Monday, September 28, 2015

Design-savvy Designersblock at LDF 2015!

By Team IAnD
Photography: Courtesy verydesignersblock.com

Works by jewellery designers-Yarden Aizic, Daniella Saraya and Ayala Uzan
Works by jewellery designers-Yarden Aizic, Daniella Saraya and Ayala Uzan

Ideas of possibilities in materials and different cultural experiences dotted the Designersblock exhibition hosted at The Barge House, Oxo Tower Wharf, as an integral part of the just concluded London Design Festival 2015. 

In its 18th edition this year, Designersblock is an established exhibitor hosting annual design-conscious shows at London and Milan. This year at the London Design Festival, its Barge House venue, which lent itself holistically to the designers, besides the India Pavillion, played host to diverse disciplines like graphic design, jewellery, product, textile, ceramics and fine art, besides raising some all-important thought-provoking areas of interest viz., the role of the humble pencil; the roots of sustainable design; interactive pavement museum among others...  

We invite you to feast your ocular senses:
 
Silkfelt
Silkfelt

Silkfelt produces lighting, interior, millinery and fashion products.
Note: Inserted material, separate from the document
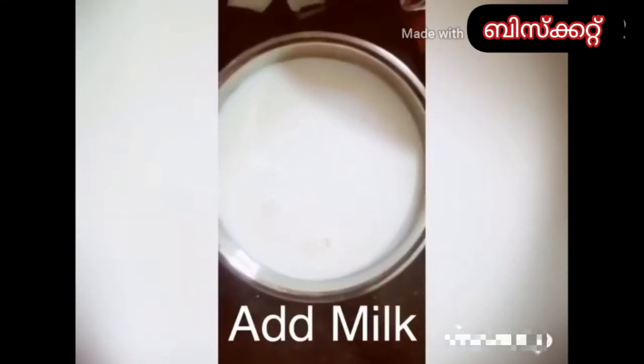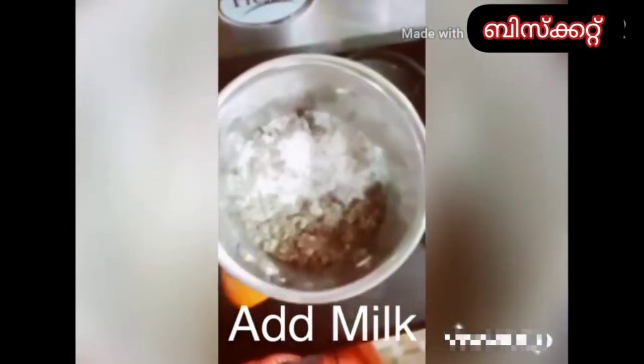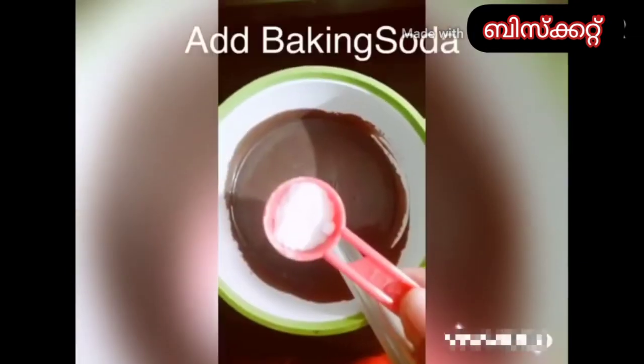6 cups of water. I have 1 cup of water. Add 1 tsp baking soda.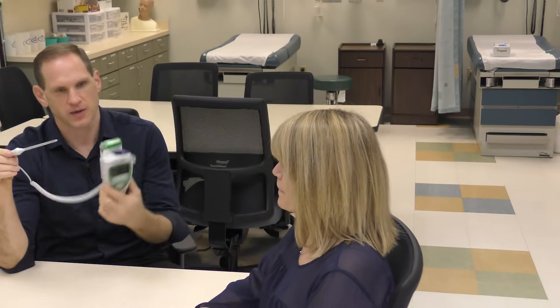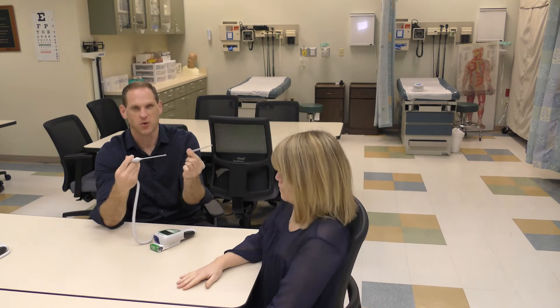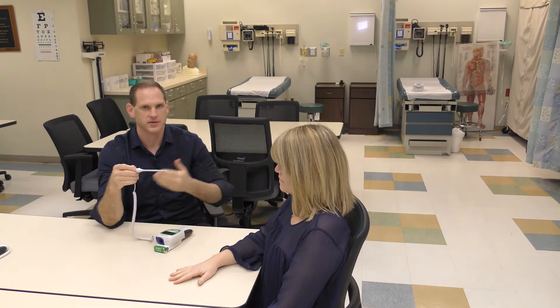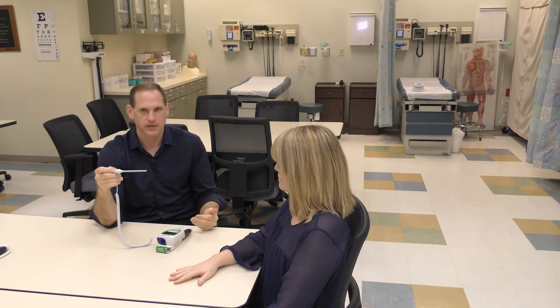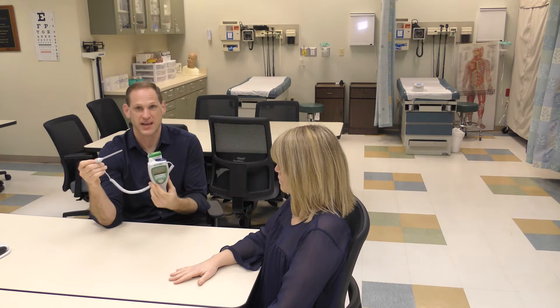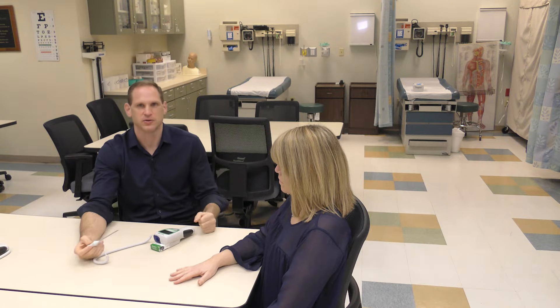Once you get a reading, push the button to eject the probe cover — it can sometimes fly, so hold it from the end. If the patient can't use an oral thermometer and you're not going to do a rectal temperature, you can use an axillary reading. There is a setting on the thermometer to indicate it's an axillary reading. When you document the temperature, make sure to document the route used. Also make sure your patient hasn't had anything to eat or drink within the last 30 minutes, as hot or cold liquids can raise or lower the temperature reading.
Designer Yulia Badian works with felt, the original man made fabric and using techniques that have been around for millenia and only wool from rare breeds, silk and soap, she creates these stunning pieces that appear to be creatures taken from fantasy.
 
Monochrome illustration by Charlotte Edey
Monochrome illustration by Charlotte Edey

Charlotte Edey specializes in hand-drawn monochrome illustrations, focussed on the challenge of expressing fluidity and depth with simply pure lines that create a micro-world of structural detail and perspective within the form; her direction dictated as much by process as by concept.

Emily Carter's scarves
Emily Carter's scarves

British designer, Emily Carter’s scarves and squares begin as a detailed original drawing with experiments in colour and composition leading to the finished design. The products are printed on high quality silk twill, and are hemmed and packaged by hand.  

Johanna Samuelsson's woven fabric
Johanna Samuelsson's woven fabric




Sweden-based textile designer, Johanna Samuelsson specializes in working with the technique of woven shibori and foil print - the interaction between patterned surfaces and light is explored in a textile decoration. The work is a meeting between construction of textiles and treatment of surface and inspired by the sun, how the intense light dances, reflects and glitters over a surface. 

Jewellery designers Yarden Aizic and Daniella Saraya from Israel; and Ayala Uzan, also a sculptor and painter, depict individualistic strength in their designs. Whilst Yarden’s profiles conform to body shapes; Daniella’s jewellery relies on a technique of “cover-and-expose” and Ayala is out to quest ‘limits’ via the use of  fibreglass, epoxy, 295 silver and German silver.

Pendant lights by Sayoko Designs
Pendant lights by Sayoko Designs

Japanese designer Sayoko Shibuya of Sayoko Designs works on making her audience experience the space both - emotionally and physically. Her designs are characterized by minimalism and simplicity. Her range of products in development includes lighting, soft furnishings, kitchenware and more.

Colour series by Sophie Southgate
Colour series by Sophie Southgate

Landscape/Colour Series 1 and 2 from Sophie Southgate is an on-going exploration of the object and the vessel, in both the contexts of sculpture and functional ceramics. The work moves between the boundaries of art and design, ambiguous in nature and open to interpretation, challenging our preconceptions and understanding of contemporary ceramics. 
    
Parking Bay Museum project
Parking Bay Museum project

The Parking Bay Museum a project from Fraser Pearston is a museum with a difference. It operates outside the traditional framework of a museum, turning general curiosity towards material footprints of our everyday into an interactive public performance. By borrowing the roadside it seeks to reengage us with the lost and forgotten objects we neglect as we travel through the urban environment.  
 
Photography by Peter Saville and Philippe Starck
Photography by Peter Saville and Philippe Starck

‘The Secret Life of the Pencil’ is a collaborative project by industrial designer Alex Hammond, and photographer Mike Tinney, and seeks to savour the use of pencils – documenting them in stunning detail, and thereby showing the secrets of their use and revealing an insight into their users: professionals who have defined themselves and their craft with the help of the modest stylus. This collection of pencil images is a direct link back to some of the 20th and 21st centuries’ greatest illustrations, buildings, artworks, photographs, products, make-up designs, graphics, novels, poems, fashion, cartoons and even films.
 
Display at the Barge House venue
Display at the Barge House venue

The photo installation that has contributions from stalwarts like David Adjaye, Anish Kapoor, Dame Zandra Rhodes, Philippe Starck and Lord Norman Foster among several others questions the existence of the humble pencil in a technologically driven world. “The humble pencil is found where most of mankind’s greatest achievements begin. But will the touch-screen generation ever feel the pleasure of a freshly sharpened pencil or the frustration of a shattered lead?”